Combinatorial optimization problems become computationally intractable as these NP-hard problems scale. We previously proposed extraction-type majority voting logic (E-MVL), a quantum-inspired algorithm using digital logic circuits. E-MVL mimics the thermal spin dynamics of simulated annealing (SA) through controlled sparsification of spin interactions for efficient ground-state search. This study investigates the performance potential of E-MVL through systematic optimization and comprehensive benchmarking against SA. The target problem is the Sherrington-Kirkpatrick (SK) model with bimodal and Gaussian coupling distributions. Through equilibrium state analysis, we demonstrate that the sparsity control mechanism provides a consistent search of the solution space regardless of the problem's coupling distribution (bimodal, Gaussian) or size. E-MVL not only achieves the best performance among all tested algorithms-solving exact solutions up to 1600 spins where the best SA baseline is limited to 400 spins-but also provides insights that significantly improve SA's own temperature scheduling. These results establish E-MVL's dual contribution as both an efficient optimizer and a practical methodology for enhancing SA performance. Moreover, FPGA implementation achieved an approximately 6-fold faster solution speed than SA.

Figures (7)

• Figure 1: Ising model and sparsification mechanism of E-MVL. (a) 4-spin fully connected Ising model. (b) Evolution of interaction sparsification corresponding to sparsity $P_{s}(t)$ reduction during ground-state search. As the number of iterations increases, the sparsity parameter $P_{s}(t)$ (solid line) decreases, whereas the number of extracted spins $n_{i}(t)$ (dashed line) increases. (c) Temporal evolution of spin-state updates with controlled sparsification of interactions following the schedule shown in (b). Three distinct phases of the spin update process show how the number of extracted spins increases as the sparsity decreases.

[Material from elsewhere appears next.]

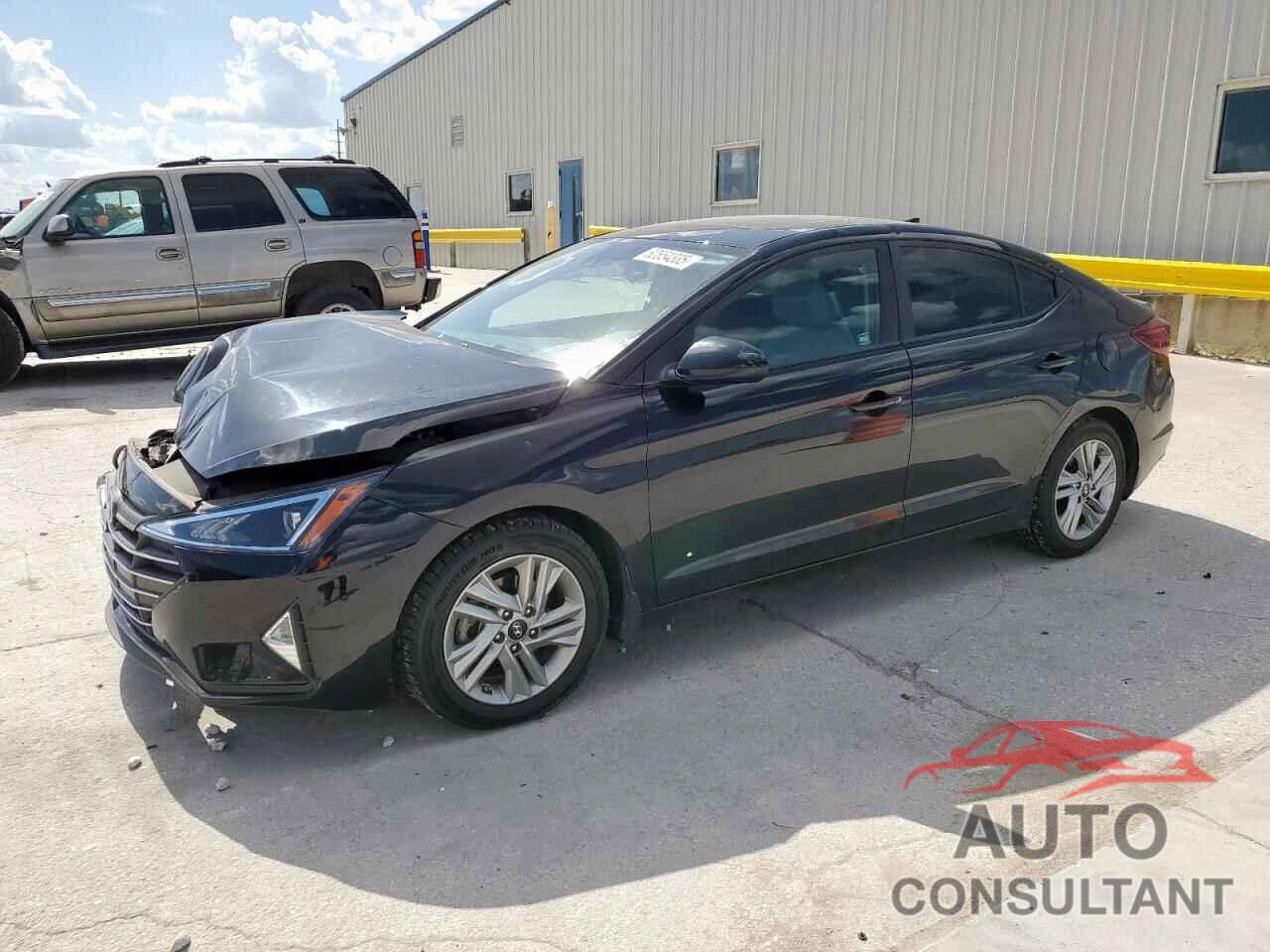 HYUNDAI ELANTRA 2020 - KMHD84LF3LU064950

• Figure 2: Time evolution of energy in a trial that obtained the optimal solution. The inset shows a magnified view of the final stage, demonstrating that continued local minima escape while achieving energy convergence.

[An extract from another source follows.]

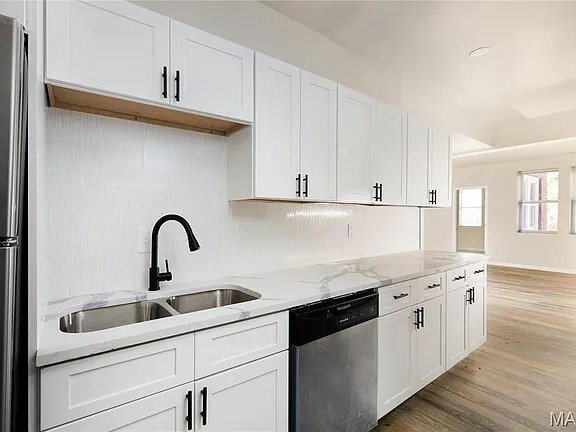 Foto del edificio - 5909 Cates Ave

• Figure 3: Energy distributions at equilibrium for (a) E-MVL and (b) MCMC simulations in SK-Gaussian. Both methods exhibit Boltzmann distributions, demonstrating the probabilistic nature of the energy distribution. (c) Temperature $T$ reproducing the E-MVL equilibrium distributions as a function of fixed sparsity $P_{s}$ for both SK-bimodal and SK-Gaussian, plotted on separate vertical axes.

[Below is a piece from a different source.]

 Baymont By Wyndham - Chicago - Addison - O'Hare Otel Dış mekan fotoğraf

• Figure 4: Fixed sparsity-dependent energy characteristics in E-MVL: (a) Average energy and standard deviation versus $P_{s}$ for SK-bimodal and (b) for SK-Gaussian ($N =$ 100, 625, 1600). (c) Energy distributions at $P_{s} =$ 0.1--0.4 for SK-bimodal ($N =$ 625), (d) SK-bimodal ($N =$ 1600), (e) SK-Gaussian ($N$ = 625), and (f) SK-Gaussian ($N =$ 1600) distributions. For energy distributions of $N =$ 100, the results for SK-bimodal are shown in Fig. 3(a) of our previous study yoshida2022mimicking, and those for SK-Gaussian are shown in Fig. \ref{['fig:Figure3']}(a) of this study.
• Figure 5: Normalized average energy $E/E_{GS}$ in the equilibrium state. (a) $E/E_{GS}$ is plotted as a function of the fixed sparsity parameter $P_{s}$. The plot includes data for both the SK-bimodal and SK-Gaussian models across three system sizes ($N =$ 100, 625, and 1600). All six conditions almost perfectly overlap. (b) $E/E_{GS}$ is plotted as a function of the MCMC temperature $T$ for the same problem types and system sizes. In contrast to (a), the curves exhibit clear separation depending on both the coupling distribution type and the system size.